Would you transcribe the records below exactly, omitting every picture?

⁂

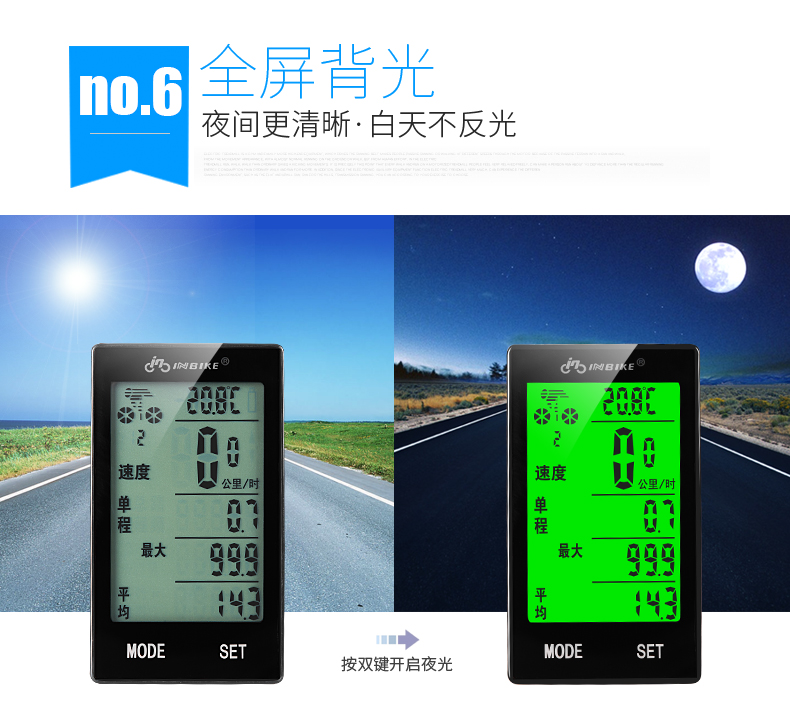 Tableau de bord vélo INBIKE - Ref 2422127 Image 26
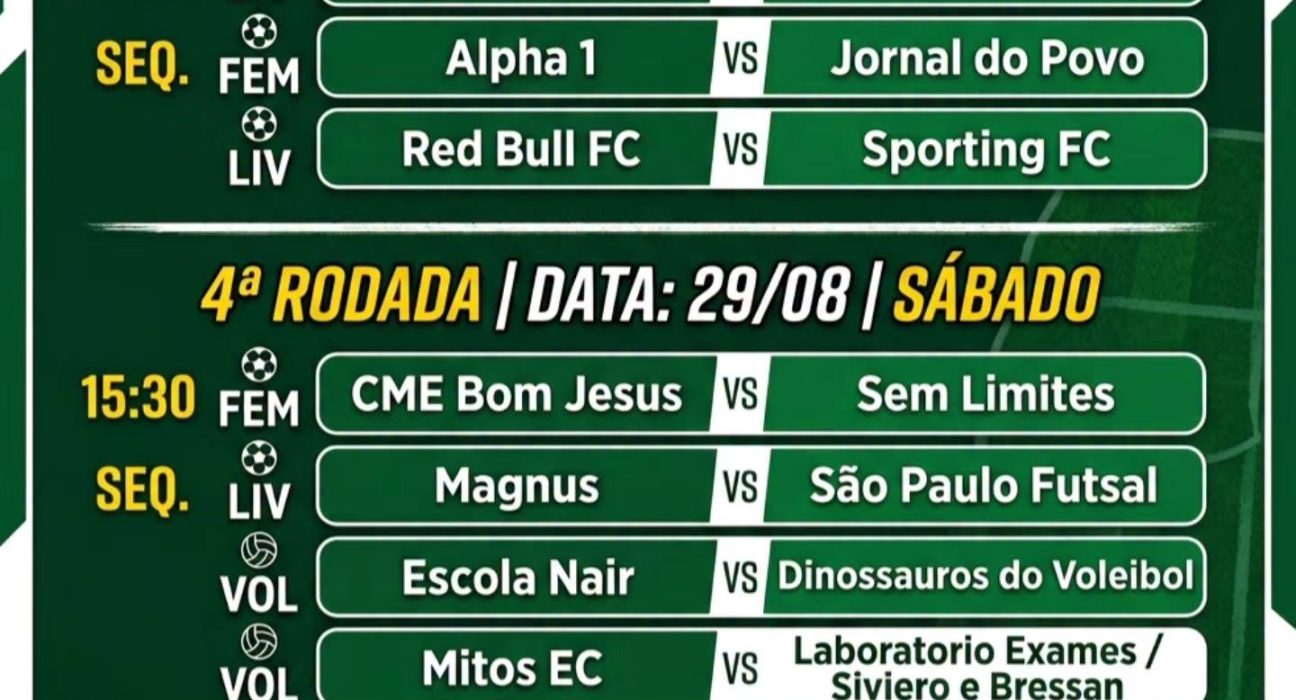 São Domingos segue em ritmo intenso no esporte, com novas rodadas de futsal e vôlei nesta semana - Foto Prefeitura de São Domingos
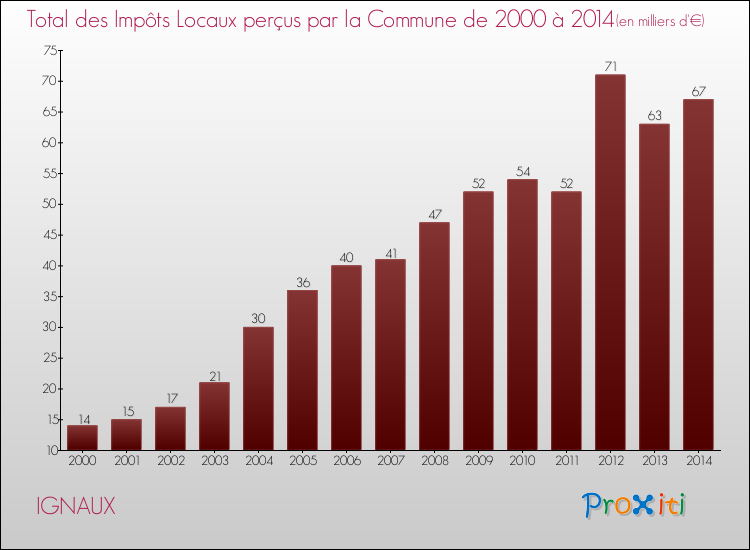 Evolution des Impôts Locaux pour la commune de IGNAUX de 2000 à 2014 Evolution des Impôts Locaux pour IGNAUX de 2000 à 2014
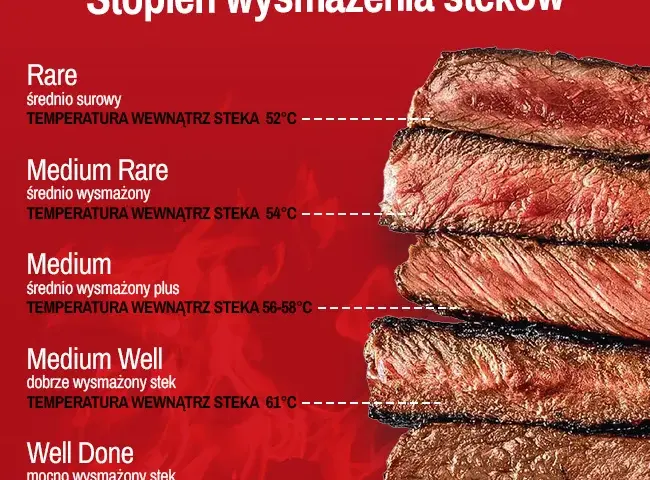Jak smażyć steka? 3 sekrety soczystego mięsa prosto z restauracji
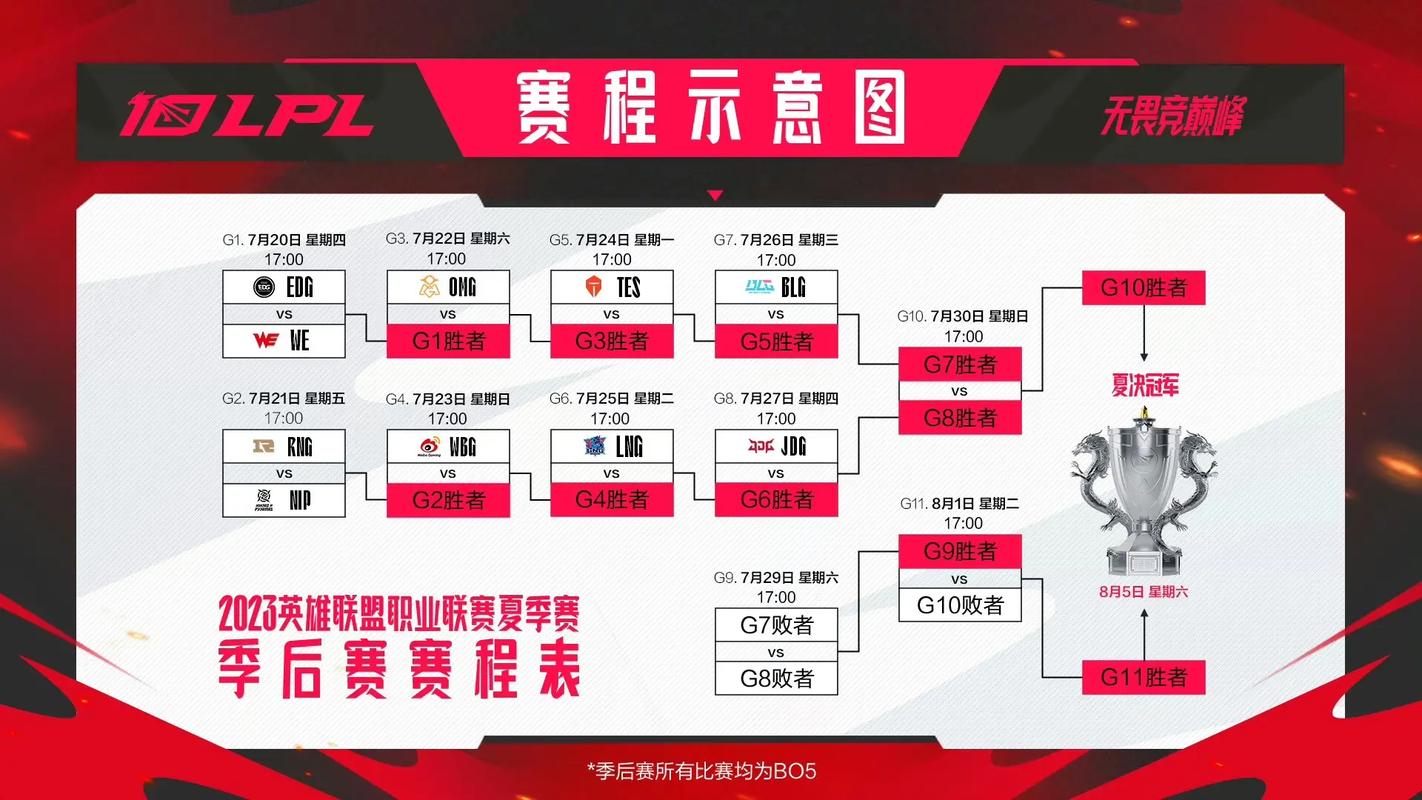 揭秘2016LPL季后赛赛制：春季赛季后赛规则详解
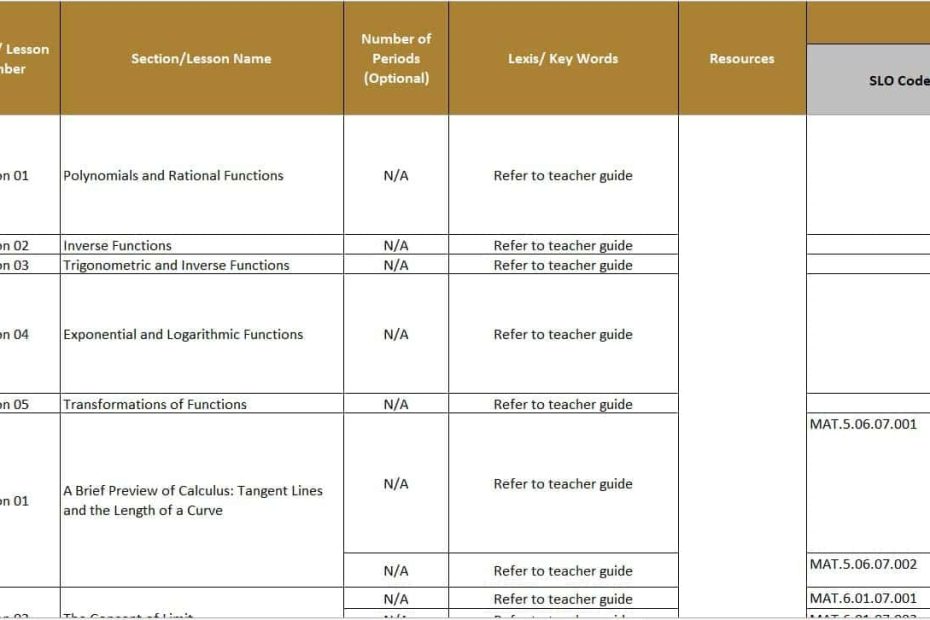 الخطة الفصلية الرياضيات المتكاملة الصف الثاني عشر متقدم الفصل الدراسي الأول 2024-2025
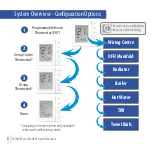 Предварительный просмотр 5 страницы Salus VS20WRF Installer'S/User'S Manual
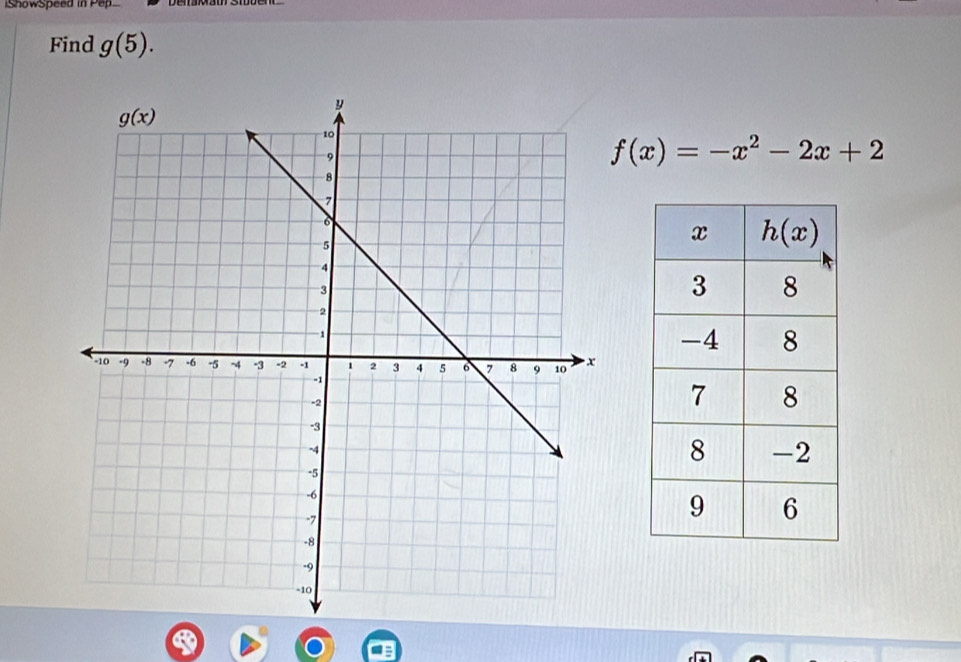 iShowSpeed in Pep
Find g(5).
f(x)=-x^2-2x+2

⁂

TASK RESPONSE =>
 Tableau de bord vélo INBIKE - Ref 2422127 Image 26
 São Domingos segue em ritmo intenso no esporte, com novas rodadas de futsal e vôlei nesta semana - Foto Prefeitura de São Domingos
 Evolution des Impôts Locaux pour la commune de IGNAUX de 2000 à 2014 Evolution des Impôts Locaux pour IGNAUX de 2000 à 2014
Jak smażyć steka? 3 sekrety soczystego mięsa prosto z restauracji
 揭秘2016LPL季后赛赛制：春季赛季后赛规则详解
 الخطة الفصلية الرياضيات المتكاملة الصف الثاني عشر متقدم الفصل الدراسي الأول 2024-2025
 Предварительный просмотр 5 страницы Salus VS20WRF Installer'S/User'S Manual
 iShowSpeed in Pep
Find g(5).
f(x)=-x^2-2x+2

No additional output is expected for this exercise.